Premium
An evolutionarily acquired genotoxic response discriminates MyoD from Myf5, and differentially regulates hypaxial and epaxial myogenesis
Author(s) -
Innocenzi Anna,
Latella Lucia,
Messina Graziella,
Simonatto Marta,
Marullo Fabrizia,
Berghella Libera,
Poizat Coralie,
Shu ChihWen,
Wang Jean Y J,
Puri Pier Lorenzo,
Cossu Giulio
Publication year - 2011
Publication title -
embo reports
Language(s) - English
Resource type - Journals
SCImago Journal Rank - 4.584
H-Index - 184
eISSN - 1469-3178
pISSN - 1469-221X
DOI - 10.1038/embor.2010.195
Subject(s) - myod , myf5 , myogenesis , pitx2 , myogenin , biology , myod protein , microbiology and biotechnology , phosphorylation , myogenic regulatory factors , myocyte , transcription factor , genetics , gene , homeobox
Despite having distinct expression patterns and phenotypes in mutant mice, the myogenic regulatory factors Myf5 and MyoD have been considered to be functionally equivalent. Here, we report that these factors have a different response to DNA damage, due to the presence in MyoD and absence in Myf5 of a consensus site for Abl ‐mediated tyrosine phosphorylation that inhibits MyoD activity in response to DNA damage. Genotoxins failed to repress skeletal myogenesis in MyoD ‐null embryos; reintroduction of wild‐type MyoD , but not mutant Abl phosphorylation‐resistant MyoD , restored the DNA‐damage‐dependent inhibition of muscle differentiation.
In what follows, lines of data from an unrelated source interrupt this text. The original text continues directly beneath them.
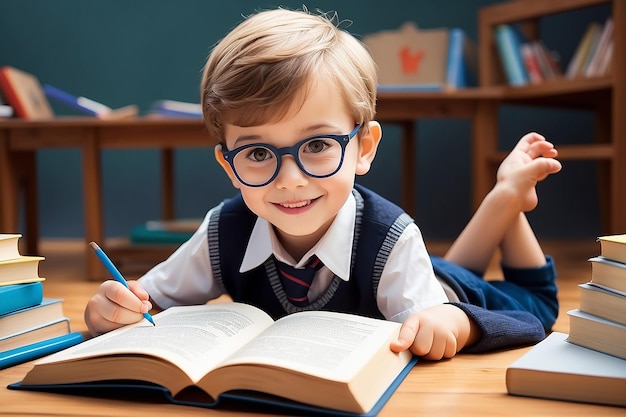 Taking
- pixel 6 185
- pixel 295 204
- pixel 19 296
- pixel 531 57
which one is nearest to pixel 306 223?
pixel 295 204

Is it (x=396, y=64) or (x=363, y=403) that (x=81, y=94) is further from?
(x=363, y=403)

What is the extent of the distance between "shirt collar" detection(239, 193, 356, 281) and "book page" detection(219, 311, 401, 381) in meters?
0.15

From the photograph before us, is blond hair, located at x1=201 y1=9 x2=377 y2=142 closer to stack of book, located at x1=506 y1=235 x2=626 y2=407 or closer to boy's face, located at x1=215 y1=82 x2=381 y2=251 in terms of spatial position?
boy's face, located at x1=215 y1=82 x2=381 y2=251

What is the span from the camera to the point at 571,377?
827 mm

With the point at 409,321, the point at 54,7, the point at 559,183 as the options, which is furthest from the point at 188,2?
the point at 409,321

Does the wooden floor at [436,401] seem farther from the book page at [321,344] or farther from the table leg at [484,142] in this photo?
the table leg at [484,142]

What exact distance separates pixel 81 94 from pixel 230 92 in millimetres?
2368

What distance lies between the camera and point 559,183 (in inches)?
120

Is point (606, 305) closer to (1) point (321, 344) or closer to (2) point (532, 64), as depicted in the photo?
(1) point (321, 344)

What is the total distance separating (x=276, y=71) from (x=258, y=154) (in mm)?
120

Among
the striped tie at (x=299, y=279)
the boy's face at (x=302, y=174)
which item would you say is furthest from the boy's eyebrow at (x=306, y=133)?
the striped tie at (x=299, y=279)

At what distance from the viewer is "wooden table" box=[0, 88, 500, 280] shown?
2.07 m

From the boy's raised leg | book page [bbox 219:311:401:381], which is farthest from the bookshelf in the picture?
book page [bbox 219:311:401:381]

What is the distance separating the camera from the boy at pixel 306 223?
1.02 metres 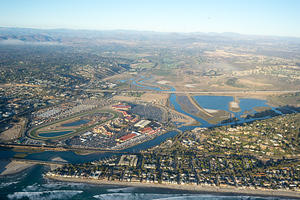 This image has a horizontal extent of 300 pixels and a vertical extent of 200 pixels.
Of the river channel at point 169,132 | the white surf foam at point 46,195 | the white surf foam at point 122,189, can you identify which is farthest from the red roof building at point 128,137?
the white surf foam at point 46,195

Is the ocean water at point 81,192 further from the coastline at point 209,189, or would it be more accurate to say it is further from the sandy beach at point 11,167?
the sandy beach at point 11,167

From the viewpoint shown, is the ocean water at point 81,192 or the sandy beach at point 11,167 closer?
the ocean water at point 81,192

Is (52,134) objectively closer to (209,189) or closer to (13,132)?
(13,132)

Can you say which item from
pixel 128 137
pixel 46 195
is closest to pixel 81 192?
pixel 46 195

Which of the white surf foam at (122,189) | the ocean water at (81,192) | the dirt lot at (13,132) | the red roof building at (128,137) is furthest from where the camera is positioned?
the dirt lot at (13,132)

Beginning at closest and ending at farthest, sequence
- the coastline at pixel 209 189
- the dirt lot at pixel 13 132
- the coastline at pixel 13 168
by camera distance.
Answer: the coastline at pixel 209 189 → the coastline at pixel 13 168 → the dirt lot at pixel 13 132

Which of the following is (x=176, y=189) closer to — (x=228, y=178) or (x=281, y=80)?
(x=228, y=178)

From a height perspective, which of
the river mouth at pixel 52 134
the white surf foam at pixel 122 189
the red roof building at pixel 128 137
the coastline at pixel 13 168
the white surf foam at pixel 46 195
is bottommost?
the white surf foam at pixel 46 195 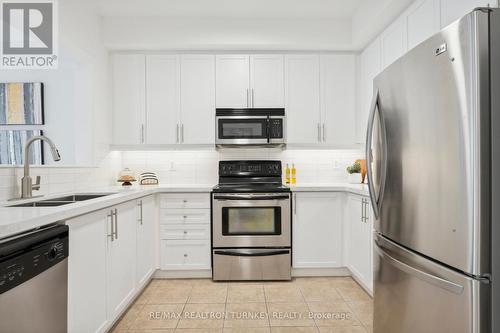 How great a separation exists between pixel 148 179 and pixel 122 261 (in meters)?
1.36

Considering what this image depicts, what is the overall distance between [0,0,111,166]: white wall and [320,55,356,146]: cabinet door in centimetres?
234

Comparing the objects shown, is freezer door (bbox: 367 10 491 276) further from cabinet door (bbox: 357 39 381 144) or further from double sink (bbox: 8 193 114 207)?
double sink (bbox: 8 193 114 207)

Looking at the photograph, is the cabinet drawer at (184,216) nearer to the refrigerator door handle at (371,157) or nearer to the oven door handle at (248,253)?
the oven door handle at (248,253)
Conversely, introduction of the Abl‐responsive phosphorylation motif converts Myf5 into a DNA‐damage‐sensitive transcription factor. Gene‐dosage‐dependent reduction of Abl kinase activity in MyoD‐expressing cells attenuated the DNA‐damage‐dependent inhibition of myogenesis. The presence of a DNA‐damage‐responsive phosphorylation motif in vertebrate, but not in invertebrate MyoD suggests an evolved response to environmental stress, originated from basic helix–loop–helix gene duplication in vertebrate myogenesis.